Extracted data entries
━━━━

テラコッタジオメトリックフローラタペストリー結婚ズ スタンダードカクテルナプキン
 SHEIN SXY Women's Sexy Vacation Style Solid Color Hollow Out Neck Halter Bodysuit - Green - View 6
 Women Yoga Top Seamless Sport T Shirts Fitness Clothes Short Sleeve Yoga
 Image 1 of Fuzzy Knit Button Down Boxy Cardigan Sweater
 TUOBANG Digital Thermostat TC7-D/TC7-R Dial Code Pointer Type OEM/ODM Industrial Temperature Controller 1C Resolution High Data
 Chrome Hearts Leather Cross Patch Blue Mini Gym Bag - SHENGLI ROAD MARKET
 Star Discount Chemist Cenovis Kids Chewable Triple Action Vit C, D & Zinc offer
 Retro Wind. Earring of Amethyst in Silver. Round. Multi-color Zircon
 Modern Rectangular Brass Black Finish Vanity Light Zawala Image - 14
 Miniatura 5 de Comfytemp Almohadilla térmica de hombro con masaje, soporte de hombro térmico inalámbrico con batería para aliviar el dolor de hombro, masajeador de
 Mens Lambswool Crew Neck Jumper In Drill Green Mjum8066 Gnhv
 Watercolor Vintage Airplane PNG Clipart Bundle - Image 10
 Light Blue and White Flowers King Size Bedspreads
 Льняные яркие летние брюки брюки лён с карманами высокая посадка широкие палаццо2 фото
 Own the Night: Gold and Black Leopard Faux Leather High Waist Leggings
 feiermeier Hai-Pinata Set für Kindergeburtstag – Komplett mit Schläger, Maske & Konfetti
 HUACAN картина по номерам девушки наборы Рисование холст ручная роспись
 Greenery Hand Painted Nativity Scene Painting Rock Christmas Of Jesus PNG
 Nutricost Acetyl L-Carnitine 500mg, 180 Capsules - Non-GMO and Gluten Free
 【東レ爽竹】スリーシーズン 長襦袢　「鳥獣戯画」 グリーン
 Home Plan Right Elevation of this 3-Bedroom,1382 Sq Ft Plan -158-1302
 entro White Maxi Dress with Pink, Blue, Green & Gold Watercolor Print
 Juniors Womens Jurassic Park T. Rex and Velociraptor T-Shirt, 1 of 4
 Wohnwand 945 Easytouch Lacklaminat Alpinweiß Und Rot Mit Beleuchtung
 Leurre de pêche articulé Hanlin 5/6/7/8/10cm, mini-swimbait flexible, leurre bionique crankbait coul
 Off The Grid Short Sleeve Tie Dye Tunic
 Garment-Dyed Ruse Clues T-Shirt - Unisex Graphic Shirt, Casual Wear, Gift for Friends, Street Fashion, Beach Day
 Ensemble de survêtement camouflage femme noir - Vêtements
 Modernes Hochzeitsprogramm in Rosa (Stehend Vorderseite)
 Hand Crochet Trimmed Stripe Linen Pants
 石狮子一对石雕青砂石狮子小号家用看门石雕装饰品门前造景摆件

━━━━

Find every line in the records that contains the word "Light"; copy those lines.

Output of the task:
 Modern Rectangular Brass Black Finish Vanity Light Zawala Image - 14
 Light Blue and White Flowers King Size Bedspreads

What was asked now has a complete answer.